Sex is an important part of being in a relationship, but certain types of radiation therapy can cause sexual problems to develop. These problems often happen to women getting radiation to the pelvic area (lower abdomen). Managing these issues might involve several different therapies, treatments, or devices, or a combination of them. Counseling can also be helpful.

This information describes common sexual problems an adult female getting radiation to the pelvis may experience. If you are a transgender person, please talk to your cancer care team about any needs that are not addressed here.

It’s very important to talk about what to expect, and continue to talk about what's changing or has changed in your sexual life as you go through procedures, treatments, and follow-up care. Don't assume your doctor or nurse will ask about any concerns you have about sexuality. Remember, if they don't know about a problem you're having, they can't help you manage it.

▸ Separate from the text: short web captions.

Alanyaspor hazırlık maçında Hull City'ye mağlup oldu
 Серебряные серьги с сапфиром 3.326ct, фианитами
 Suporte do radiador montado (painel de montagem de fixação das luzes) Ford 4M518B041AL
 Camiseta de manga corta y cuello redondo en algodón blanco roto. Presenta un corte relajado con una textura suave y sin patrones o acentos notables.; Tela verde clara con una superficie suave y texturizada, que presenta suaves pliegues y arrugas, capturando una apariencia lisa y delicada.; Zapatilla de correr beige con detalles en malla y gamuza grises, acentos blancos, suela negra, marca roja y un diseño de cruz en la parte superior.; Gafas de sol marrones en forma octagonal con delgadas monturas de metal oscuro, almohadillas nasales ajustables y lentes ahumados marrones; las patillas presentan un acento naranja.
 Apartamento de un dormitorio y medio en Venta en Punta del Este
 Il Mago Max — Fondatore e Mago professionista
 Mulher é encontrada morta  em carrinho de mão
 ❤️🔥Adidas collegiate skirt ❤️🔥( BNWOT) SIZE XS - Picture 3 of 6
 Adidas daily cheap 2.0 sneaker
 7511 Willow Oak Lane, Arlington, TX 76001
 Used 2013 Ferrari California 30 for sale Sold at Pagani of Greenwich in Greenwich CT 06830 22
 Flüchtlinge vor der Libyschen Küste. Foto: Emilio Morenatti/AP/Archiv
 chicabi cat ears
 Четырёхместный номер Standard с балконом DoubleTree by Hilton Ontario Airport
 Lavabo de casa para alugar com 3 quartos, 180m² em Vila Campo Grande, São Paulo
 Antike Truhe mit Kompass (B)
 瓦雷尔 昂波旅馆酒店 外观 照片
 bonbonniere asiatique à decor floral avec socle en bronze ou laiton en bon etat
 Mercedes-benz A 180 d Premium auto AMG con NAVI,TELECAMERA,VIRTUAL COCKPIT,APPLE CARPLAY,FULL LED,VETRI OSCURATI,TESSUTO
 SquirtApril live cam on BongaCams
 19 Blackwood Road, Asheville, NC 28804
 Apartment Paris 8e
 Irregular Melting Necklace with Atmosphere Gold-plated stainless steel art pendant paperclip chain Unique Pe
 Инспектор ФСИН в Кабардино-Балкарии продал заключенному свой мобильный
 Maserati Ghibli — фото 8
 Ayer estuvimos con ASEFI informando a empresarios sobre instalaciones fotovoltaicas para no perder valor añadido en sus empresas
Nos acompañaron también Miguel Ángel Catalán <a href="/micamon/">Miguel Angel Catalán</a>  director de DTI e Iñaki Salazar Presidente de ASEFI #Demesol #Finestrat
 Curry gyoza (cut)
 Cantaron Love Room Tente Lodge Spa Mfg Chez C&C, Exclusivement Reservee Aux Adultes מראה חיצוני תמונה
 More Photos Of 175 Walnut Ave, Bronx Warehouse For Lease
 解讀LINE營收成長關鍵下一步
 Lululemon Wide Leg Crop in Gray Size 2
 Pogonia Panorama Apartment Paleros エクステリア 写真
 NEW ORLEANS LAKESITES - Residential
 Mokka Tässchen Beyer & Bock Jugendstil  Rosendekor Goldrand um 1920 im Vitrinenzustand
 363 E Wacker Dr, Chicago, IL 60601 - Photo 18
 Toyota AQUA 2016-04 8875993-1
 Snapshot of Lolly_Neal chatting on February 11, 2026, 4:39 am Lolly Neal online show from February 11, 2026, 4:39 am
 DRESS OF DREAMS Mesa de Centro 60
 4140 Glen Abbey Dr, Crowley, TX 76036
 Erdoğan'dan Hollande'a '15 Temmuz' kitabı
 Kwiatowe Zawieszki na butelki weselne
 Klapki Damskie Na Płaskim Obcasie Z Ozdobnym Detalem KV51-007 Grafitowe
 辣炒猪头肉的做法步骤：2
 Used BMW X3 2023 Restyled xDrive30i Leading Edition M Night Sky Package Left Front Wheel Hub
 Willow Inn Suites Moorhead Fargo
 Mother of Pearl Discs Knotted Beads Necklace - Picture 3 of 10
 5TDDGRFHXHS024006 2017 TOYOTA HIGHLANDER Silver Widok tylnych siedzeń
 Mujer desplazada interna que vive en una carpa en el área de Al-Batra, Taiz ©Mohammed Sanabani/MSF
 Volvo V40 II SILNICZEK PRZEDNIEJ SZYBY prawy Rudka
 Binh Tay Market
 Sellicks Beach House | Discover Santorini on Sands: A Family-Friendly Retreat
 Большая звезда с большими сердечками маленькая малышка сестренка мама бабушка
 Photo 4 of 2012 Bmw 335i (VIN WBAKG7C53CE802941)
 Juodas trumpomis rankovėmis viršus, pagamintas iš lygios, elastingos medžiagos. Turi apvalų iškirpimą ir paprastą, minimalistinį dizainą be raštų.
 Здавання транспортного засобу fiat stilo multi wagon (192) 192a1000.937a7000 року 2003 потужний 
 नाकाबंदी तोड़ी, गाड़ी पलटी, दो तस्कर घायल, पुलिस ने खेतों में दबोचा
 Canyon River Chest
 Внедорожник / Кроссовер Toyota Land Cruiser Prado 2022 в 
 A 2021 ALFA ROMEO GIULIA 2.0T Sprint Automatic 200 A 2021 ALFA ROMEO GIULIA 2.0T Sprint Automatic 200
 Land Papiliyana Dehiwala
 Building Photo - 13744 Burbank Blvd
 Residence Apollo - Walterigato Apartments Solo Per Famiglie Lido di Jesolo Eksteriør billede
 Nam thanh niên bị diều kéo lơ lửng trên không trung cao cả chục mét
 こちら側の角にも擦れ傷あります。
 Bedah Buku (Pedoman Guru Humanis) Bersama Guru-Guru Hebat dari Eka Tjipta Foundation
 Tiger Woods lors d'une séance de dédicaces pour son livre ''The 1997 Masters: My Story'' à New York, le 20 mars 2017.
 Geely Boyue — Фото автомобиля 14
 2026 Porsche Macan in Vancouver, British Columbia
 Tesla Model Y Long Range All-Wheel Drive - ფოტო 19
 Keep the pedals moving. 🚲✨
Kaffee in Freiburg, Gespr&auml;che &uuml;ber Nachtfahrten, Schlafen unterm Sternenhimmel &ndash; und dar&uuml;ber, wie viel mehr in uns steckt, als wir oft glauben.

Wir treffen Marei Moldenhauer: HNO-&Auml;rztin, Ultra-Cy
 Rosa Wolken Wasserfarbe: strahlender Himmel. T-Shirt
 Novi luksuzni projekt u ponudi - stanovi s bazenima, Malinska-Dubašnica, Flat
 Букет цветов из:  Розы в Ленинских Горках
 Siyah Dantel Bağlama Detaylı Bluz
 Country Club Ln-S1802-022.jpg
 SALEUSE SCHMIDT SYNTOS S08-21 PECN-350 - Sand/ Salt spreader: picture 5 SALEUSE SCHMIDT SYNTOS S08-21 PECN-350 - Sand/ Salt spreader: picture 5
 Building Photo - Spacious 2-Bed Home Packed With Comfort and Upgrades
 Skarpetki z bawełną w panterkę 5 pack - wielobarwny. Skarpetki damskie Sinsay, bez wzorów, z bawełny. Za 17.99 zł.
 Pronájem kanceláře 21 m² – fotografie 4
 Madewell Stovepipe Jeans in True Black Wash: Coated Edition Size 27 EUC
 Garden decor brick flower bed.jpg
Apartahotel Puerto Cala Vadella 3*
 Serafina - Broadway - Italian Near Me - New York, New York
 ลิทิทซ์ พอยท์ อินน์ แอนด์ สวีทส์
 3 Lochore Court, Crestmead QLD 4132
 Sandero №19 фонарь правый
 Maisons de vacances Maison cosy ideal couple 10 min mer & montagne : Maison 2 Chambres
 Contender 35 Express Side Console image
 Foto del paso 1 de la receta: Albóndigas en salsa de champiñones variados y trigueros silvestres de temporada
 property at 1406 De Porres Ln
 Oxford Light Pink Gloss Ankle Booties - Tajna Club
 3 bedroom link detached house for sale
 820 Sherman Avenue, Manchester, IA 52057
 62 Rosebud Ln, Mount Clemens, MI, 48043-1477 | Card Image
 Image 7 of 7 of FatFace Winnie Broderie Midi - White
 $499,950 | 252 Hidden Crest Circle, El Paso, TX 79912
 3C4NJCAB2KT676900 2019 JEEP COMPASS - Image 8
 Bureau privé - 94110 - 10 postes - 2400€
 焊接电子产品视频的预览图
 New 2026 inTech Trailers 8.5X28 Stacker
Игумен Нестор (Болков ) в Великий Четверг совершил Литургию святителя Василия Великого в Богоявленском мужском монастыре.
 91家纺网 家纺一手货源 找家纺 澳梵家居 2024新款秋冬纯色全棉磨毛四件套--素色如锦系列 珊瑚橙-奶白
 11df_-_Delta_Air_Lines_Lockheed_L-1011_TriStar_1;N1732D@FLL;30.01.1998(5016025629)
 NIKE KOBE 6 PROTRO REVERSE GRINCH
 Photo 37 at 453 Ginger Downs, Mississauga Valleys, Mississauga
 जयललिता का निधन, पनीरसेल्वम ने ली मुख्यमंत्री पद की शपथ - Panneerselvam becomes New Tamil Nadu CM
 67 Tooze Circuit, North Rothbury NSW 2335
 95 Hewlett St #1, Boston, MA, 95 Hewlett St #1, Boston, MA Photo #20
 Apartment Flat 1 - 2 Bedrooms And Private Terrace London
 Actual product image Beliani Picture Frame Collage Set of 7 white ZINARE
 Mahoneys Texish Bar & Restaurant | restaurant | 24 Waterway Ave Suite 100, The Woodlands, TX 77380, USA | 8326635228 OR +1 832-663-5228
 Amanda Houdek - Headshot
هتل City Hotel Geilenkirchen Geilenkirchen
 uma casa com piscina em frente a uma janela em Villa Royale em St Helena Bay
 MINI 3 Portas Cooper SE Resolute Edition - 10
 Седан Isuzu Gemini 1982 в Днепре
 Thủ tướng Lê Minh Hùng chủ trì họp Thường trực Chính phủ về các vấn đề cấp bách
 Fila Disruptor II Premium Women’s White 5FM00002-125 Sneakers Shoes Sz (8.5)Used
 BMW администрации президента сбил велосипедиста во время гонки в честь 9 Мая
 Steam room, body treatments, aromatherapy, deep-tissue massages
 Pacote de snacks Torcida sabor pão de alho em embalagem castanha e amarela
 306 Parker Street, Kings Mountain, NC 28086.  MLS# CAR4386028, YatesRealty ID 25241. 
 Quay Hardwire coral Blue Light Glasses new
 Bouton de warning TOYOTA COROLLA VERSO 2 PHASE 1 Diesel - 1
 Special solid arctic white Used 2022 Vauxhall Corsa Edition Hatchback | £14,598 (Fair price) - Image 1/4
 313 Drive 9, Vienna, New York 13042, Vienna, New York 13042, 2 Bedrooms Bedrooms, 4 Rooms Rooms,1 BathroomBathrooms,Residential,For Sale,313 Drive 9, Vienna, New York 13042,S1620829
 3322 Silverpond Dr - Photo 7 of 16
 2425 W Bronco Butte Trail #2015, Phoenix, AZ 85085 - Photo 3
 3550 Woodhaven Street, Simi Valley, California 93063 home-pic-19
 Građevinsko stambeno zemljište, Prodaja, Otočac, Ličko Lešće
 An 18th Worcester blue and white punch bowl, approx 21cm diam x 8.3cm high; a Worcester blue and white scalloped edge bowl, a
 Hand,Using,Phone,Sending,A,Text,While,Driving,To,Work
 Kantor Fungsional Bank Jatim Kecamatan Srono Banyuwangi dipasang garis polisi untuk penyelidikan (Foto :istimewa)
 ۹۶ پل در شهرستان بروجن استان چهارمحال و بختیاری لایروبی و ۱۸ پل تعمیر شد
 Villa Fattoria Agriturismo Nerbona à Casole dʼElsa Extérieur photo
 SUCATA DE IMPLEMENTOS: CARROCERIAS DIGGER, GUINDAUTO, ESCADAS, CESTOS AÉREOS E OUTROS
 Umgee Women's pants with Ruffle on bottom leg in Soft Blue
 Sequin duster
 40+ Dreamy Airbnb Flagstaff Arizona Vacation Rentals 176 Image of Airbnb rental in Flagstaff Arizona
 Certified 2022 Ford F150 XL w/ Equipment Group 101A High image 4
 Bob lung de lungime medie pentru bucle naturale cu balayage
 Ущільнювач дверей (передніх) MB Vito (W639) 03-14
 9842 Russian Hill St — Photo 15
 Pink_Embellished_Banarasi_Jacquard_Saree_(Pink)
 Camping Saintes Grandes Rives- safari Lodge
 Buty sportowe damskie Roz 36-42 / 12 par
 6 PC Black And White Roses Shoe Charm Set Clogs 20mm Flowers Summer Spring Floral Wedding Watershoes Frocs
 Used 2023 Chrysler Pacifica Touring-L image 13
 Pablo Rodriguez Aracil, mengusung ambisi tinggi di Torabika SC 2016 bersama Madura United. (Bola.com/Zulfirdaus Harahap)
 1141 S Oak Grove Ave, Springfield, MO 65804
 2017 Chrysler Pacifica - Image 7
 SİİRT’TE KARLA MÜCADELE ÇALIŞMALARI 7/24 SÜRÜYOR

How pelvic radiation can affect sex

Radiation to the pelvic area can affect a woman's sex life during and after treatment. This is because the radiation beams damage the delicate tissue in and around female genitals. Here are some examples of sexual effects that radiation can have. You can find more about the effects of radiation on specific types of cancers in Cancer A to Z.

  • During treatment, tissues in the treatment area can get irritated. They may become pink and swollen and may look sunburned. A woman’s vagina may feel tender during radiation treatment and for a few weeks afterward.
  • Radiation to the vagina can also damage its lining, making it thin and fragile. Many women notice some light bleeding after sex, even though they felt no pain at the time. In rare cases vaginal ulcers or open sores may develop, which may take several months to heal after radiation therapy ends.
  • When treatment ends and the irritation heals, there might be scarring. The walls of the vagina may become leathery and tough. Treatment can also shorten or narrow the vagina. This means the walls might not stretch out as much during sex, which can cause pain.
  • In some cases, the bladder and bowel are damaged by radiation to the pelvis, and these changes can also impact sexual health.
  • If the ovaries get a large dose of radiation, they may stop working. Sometimes this is just for a short time, but often it’s permanent. If a woman has already gone through menopause, she may notice little or no change because her ovaries had already stopped making hormones. But if she hasn’t, radiation may cause sudden menopause, meaning menstruation (having periods) may stop and women may have menopausal symptoms, such as hot flashes and vaginal dryness. Young women who get smaller doses of pelvic radiation may start to menstruate again as their ovaries heal. But with larger doses of radiation therapy, the damage could be permanent.
  • Women who get radiation to the pelvis often become infertile. But no matter what the radiation dose, women younger than 50 should talk with their team before stopping birth control since it may still be possible to become pregnant.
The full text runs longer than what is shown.